Avrete sentito dire che un bicchiere alto di Guinness è la chiave per una sana fornitura di latte materno, ma Simpson osserva che la ricerca ha dimostrato che l’alcol può effettivamente inibire la produzione di latte. In realtà è l’orzo, un componente della birra, che può essere lattogeno. “L’orzo è la fonte alimentare più ricca di beta-glucano, un polisaccaride che ha dimostrato di aumentare i livelli di prolattina [noto come ormone dell’allattamento al seno] sia negli esseri umani che negli animali”, scrive Simpson.
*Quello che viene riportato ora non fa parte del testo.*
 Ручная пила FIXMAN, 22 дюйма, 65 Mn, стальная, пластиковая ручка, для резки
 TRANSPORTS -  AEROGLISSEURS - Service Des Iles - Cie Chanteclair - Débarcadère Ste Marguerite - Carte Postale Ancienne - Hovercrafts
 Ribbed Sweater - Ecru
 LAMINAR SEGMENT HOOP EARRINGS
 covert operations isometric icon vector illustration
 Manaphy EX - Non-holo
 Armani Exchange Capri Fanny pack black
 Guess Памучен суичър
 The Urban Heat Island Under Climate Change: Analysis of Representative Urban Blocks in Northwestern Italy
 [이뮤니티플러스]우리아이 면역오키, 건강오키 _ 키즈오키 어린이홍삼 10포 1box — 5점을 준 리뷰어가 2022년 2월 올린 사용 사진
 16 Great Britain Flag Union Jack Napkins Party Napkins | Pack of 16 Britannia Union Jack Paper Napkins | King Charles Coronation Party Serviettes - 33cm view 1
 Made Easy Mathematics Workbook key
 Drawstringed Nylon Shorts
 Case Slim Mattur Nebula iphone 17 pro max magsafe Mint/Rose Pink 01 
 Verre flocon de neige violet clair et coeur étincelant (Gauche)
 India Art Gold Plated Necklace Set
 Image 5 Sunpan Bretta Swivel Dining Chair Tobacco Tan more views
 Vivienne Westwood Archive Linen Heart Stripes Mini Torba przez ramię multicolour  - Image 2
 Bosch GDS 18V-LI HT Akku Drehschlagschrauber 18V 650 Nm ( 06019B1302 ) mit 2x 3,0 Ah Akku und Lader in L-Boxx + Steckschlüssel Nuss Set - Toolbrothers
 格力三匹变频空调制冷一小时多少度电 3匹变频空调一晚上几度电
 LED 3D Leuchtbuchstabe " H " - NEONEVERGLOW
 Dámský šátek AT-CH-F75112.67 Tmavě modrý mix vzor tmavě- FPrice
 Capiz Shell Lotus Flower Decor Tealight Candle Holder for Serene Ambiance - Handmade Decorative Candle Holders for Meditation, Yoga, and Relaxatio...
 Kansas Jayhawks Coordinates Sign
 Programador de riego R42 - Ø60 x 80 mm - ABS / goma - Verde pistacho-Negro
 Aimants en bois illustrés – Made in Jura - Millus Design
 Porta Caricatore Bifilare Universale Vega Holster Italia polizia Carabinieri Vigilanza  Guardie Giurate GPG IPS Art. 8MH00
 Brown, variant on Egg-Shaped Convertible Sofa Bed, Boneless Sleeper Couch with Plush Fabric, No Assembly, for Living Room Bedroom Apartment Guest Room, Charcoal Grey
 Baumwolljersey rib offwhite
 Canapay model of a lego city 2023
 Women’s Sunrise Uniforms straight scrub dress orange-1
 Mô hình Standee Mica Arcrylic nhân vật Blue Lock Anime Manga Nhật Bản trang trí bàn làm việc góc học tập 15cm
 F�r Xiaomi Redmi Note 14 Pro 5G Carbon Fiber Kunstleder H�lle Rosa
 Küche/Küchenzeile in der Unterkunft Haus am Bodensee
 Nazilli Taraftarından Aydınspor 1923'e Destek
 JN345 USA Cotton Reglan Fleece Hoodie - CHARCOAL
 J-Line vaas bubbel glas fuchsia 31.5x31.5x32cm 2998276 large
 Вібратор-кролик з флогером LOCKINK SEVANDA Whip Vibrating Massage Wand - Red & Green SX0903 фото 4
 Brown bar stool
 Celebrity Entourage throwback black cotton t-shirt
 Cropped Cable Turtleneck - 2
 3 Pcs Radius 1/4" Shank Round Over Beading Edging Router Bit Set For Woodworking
Come usarlo: Aggiungere l’orzo intero alle zuppe, agli stufati, alle insalate e persino al risotto. Utilizzare i fiocchi d’orzo per fare il latte, o aggiungerlo alla ricetta del pane fatto in casa.

2. Malto d’orzo

Quando i chicchi vengono germinati, rilasciano enzimi di malto, che convertono l’orzo in un malto dolce e sciropposo, che contiene anche beta-glucano lattogeno. Lo sciroppo di malto d’orzo può essere trovato nei negozi di salute e specialità, ma assicurarsi che sia al 100% di puro-alto-fruttosio o lo sciroppo di mais normale è spesso aggiunto per diluirlo e addolcirlo, scrive Simpson.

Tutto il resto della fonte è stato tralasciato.